SCALING UP OSW SUPPORT VESSELS
The Merchant Marine Act of 1920, known as the Jones Act, is a federal statute establishing support for the development of a merchant marine in order to support commercial activity and serve as a naval auxiliary in times of national emergency. Originally, this law was implemented to ensure a vibrant U.S. maritime industry and for national defense. Section 27 of this statute requires shipping between U.S. ports to be conducted by U.S.-flagged ships ( Legal Information Institute, 2022 ). This has become an obstacle for American OSW projects, as only five vessels outside of China can install the next-generation turbines planned for the coming U.S. projects (Knobloch , 2022 ). The U.S. has just one vessel that fulfills the requirement of the Jones Act ( Schuler, 2022 )

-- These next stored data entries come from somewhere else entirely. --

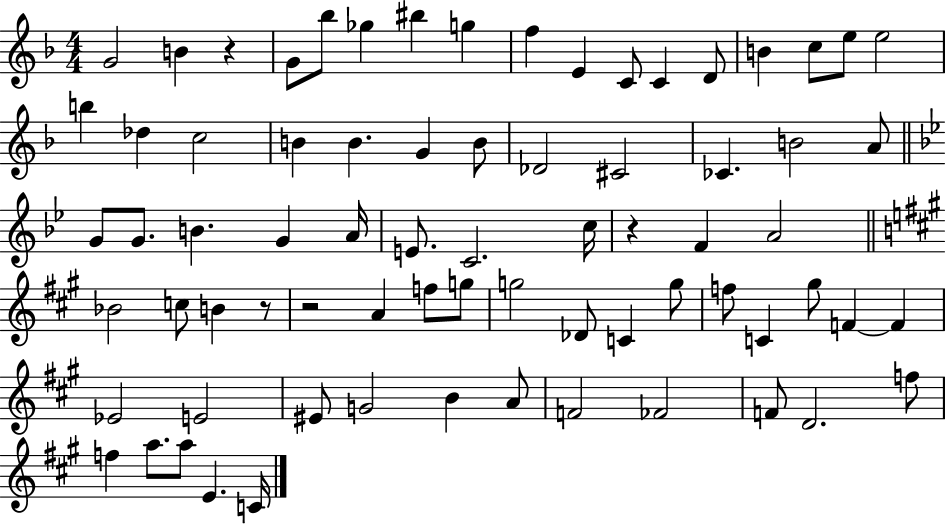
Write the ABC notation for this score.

X:1
T:Untitled
M:4/4
L:1/4
K:F
G2 B z G/2 _b/2 _g ^b g f E C/2 C D/2 B c/2 e/2 e2 b _d c2 B B G B/2 _D2 ^C2 _C B2 A/2 G/2 G/2 B G A/4 E/2 C2 c/4 z F A2 _B2 c/2 B z/2 z2 A f/2 g/2 g2 _D/2 C g/2 f/2 C ^g/2 F F _E2 E2 ^E/2 G2 B A/2 F2 _F2 F/2 D2 f/2 f a/2 a/2 E C/4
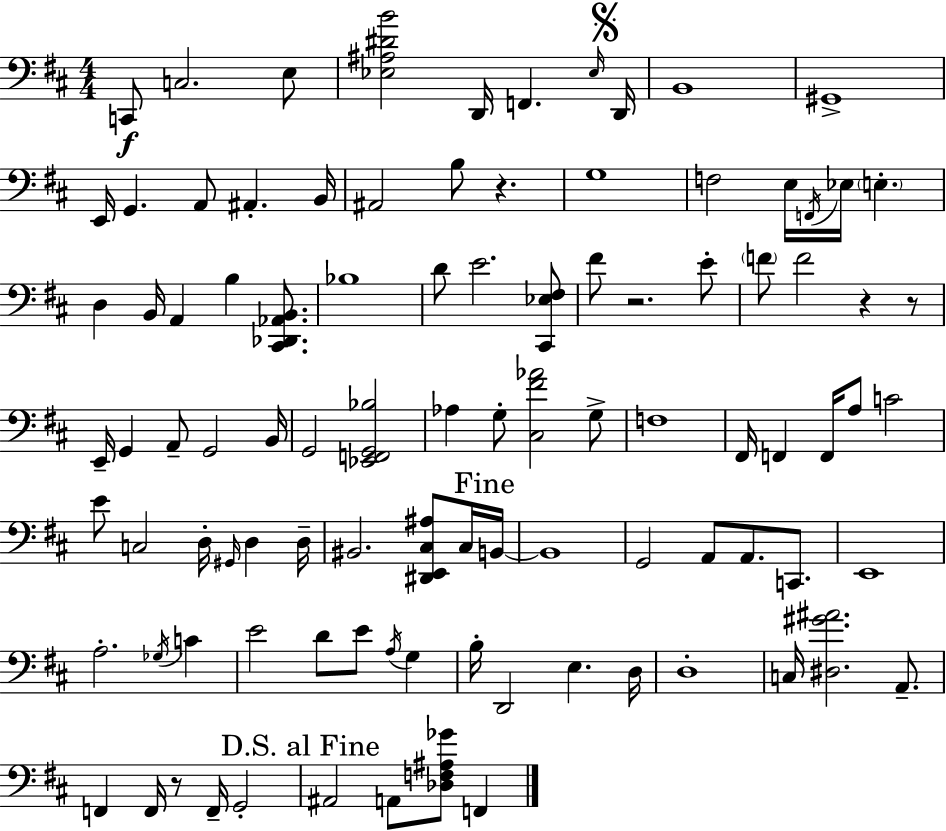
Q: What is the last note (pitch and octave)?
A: F2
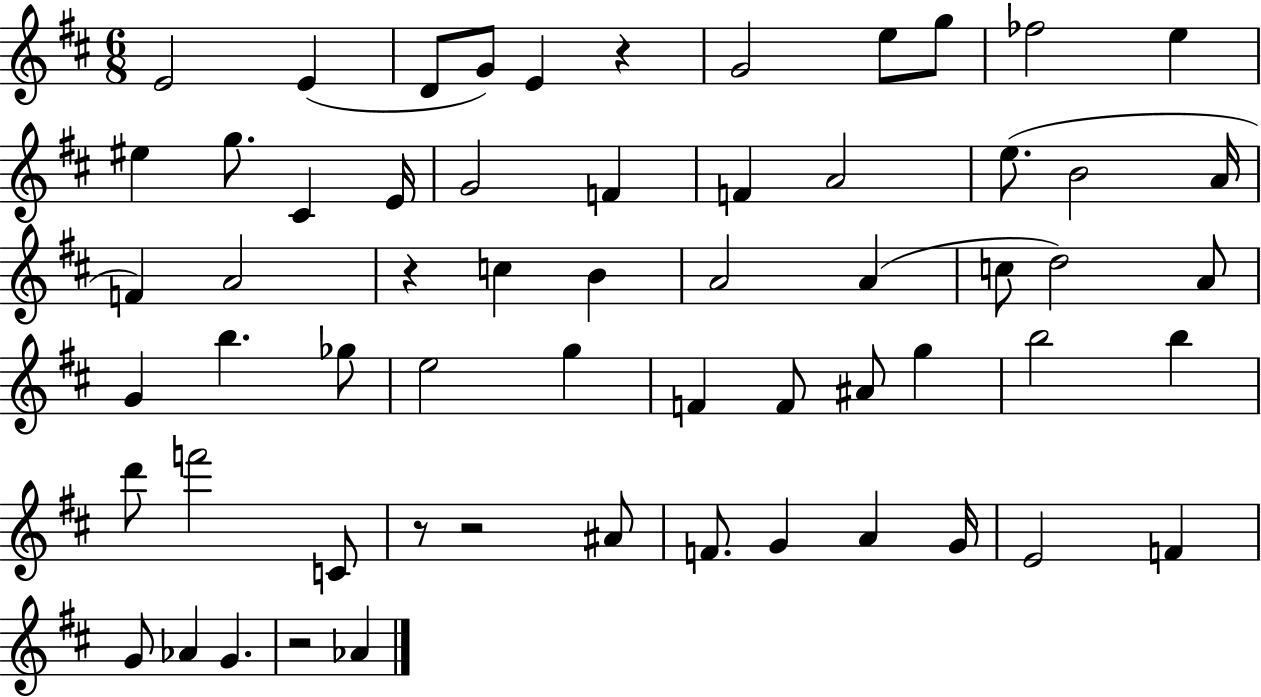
{
  \clef treble
  \numericTimeSignature
  \time 6/8
  \key d \major
  e'2 e'4( | d'8 g'8) e'4 r4 | g'2 e''8 g''8 | fes''2 e''4 | \break eis''4 g''8. cis'4 e'16 | g'2 f'4 | f'4 a'2 | e''8.( b'2 a'16 | \break f'4) a'2 | r4 c''4 b'4 | a'2 a'4( | c''8 d''2) a'8 | \break g'4 b''4. ges''8 | e''2 g''4 | f'4 f'8 ais'8 g''4 | b''2 b''4 | \break d'''8 f'''2 c'8 | r8 r2 ais'8 | f'8. g'4 a'4 g'16 | e'2 f'4 | \break g'8 aes'4 g'4. | r2 aes'4 | \bar "|."
}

An amendment attached to the National Defense Authorization Act for Fiscal Year 2021 extended enforcement of the Jones Act for all offshore renewable energy production vessels (William M. (Mac) Thornberry National Defense Authorization Act, 2021). In its first ruling since that amendment was finalized, U.S. Customs and Border Protection (CBP) found that the Jones Act applies to the transportation of merchandise from a U.S. port and other coastwise points to wind turbine generator foundations located on the Outer Continental Shelf (U.S. Customs and Border Protection, 2021; Akin Gump, 2021 ).

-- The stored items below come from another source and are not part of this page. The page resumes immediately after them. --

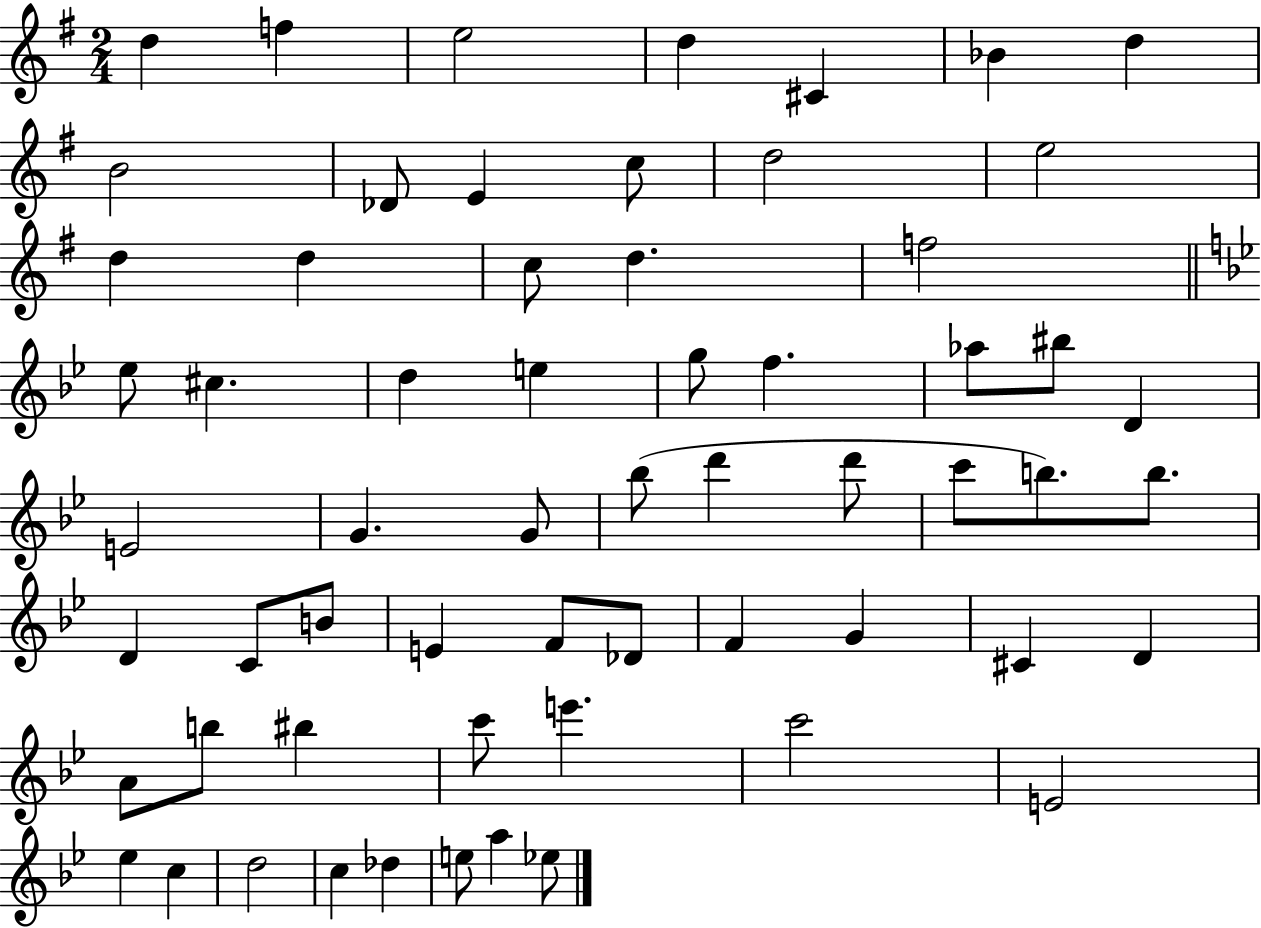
{
  \clef treble
  \numericTimeSignature
  \time 2/4
  \key g \major
  \repeat volta 2 { d''4 f''4 | e''2 | d''4 cis'4 | bes'4 d''4 | \break b'2 | des'8 e'4 c''8 | d''2 | e''2 | \break d''4 d''4 | c''8 d''4. | f''2 | \bar "||" \break \key bes \major ees''8 cis''4. | d''4 e''4 | g''8 f''4. | aes''8 bis''8 d'4 | \break e'2 | g'4. g'8 | bes''8( d'''4 d'''8 | c'''8 b''8.) b''8. | \break d'4 c'8 b'8 | e'4 f'8 des'8 | f'4 g'4 | cis'4 d'4 | \break a'8 b''8 bis''4 | c'''8 e'''4. | c'''2 | e'2 | \break ees''4 c''4 | d''2 | c''4 des''4 | e''8 a''4 ees''8 | \break } \bar "|."
}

The Jones Act broadly applies to OSW projects, but according to the ruling of April 2022, the CBP determined the Act does not apply to some special cases, which permits those activities to be performed by foreign vessels as follows. 1) The CBP confirmed that a foreign WTIV can move crew members and materials to the work site. 2) A foreign WTIV may arrive in U.S. waters and install foundations and other project components it has transported from a foreign port. 3) The Jones Act does not apply to vessels laying electrical cables in U.S. waters between two U.S. points, or to vessels loading that cable at a U.S. port. 4) The use of foreign cable lay vessels is permitted. 5) Foreign vessels are permitted to pick up rocks in a U.S. port, transport them offshore, and place them at a work site (Knight & Casey , 2022 ). This determination allows WTIVs to park offshore and process shipments from Jones-compliant tugs and barges, which might add complexity and danger to the process of OSW projects (Wilcon & Valenstein, 2021 ). At the same time, it is pointed out that the definition of “Vessel Equipment” is not clear and stakeholders of OSW projects should get case by case judgment about the scope of the Jones Act from CBP ( Akin Gump, 2021 ).

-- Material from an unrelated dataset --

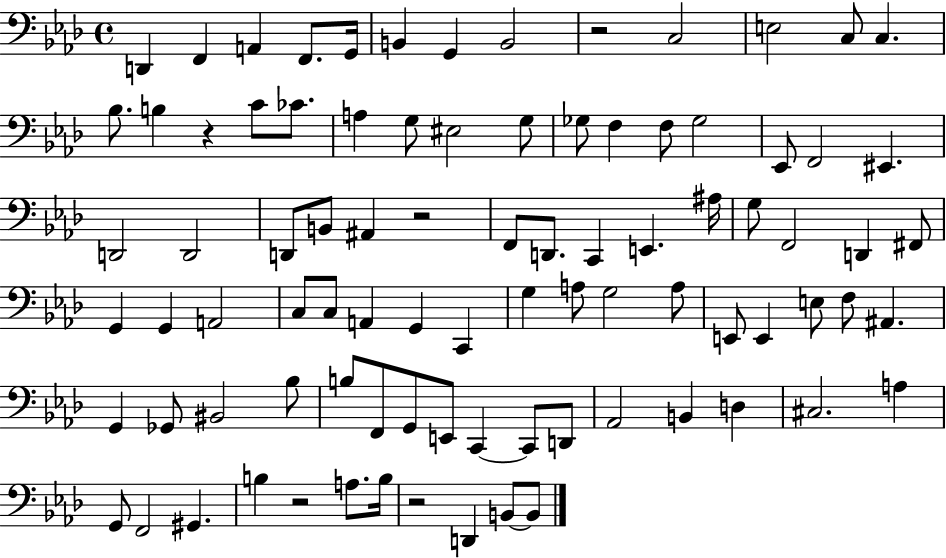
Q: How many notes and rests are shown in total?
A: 88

Considering the Jones Act helps maintain 650,000 American jobs in every state and territory, contributing billions of dollars each year to the nation’s economy, it can be said that the scope of the Jones Act influences the cost and job creation of OSW projects ( West Coast Sailors, 2022 ). At the same time, limited supply of OSW support vessels creates a bottleneck in the OSW supply chain. Therefore, policy measures to boost domestic vessel manufacturing are imperative.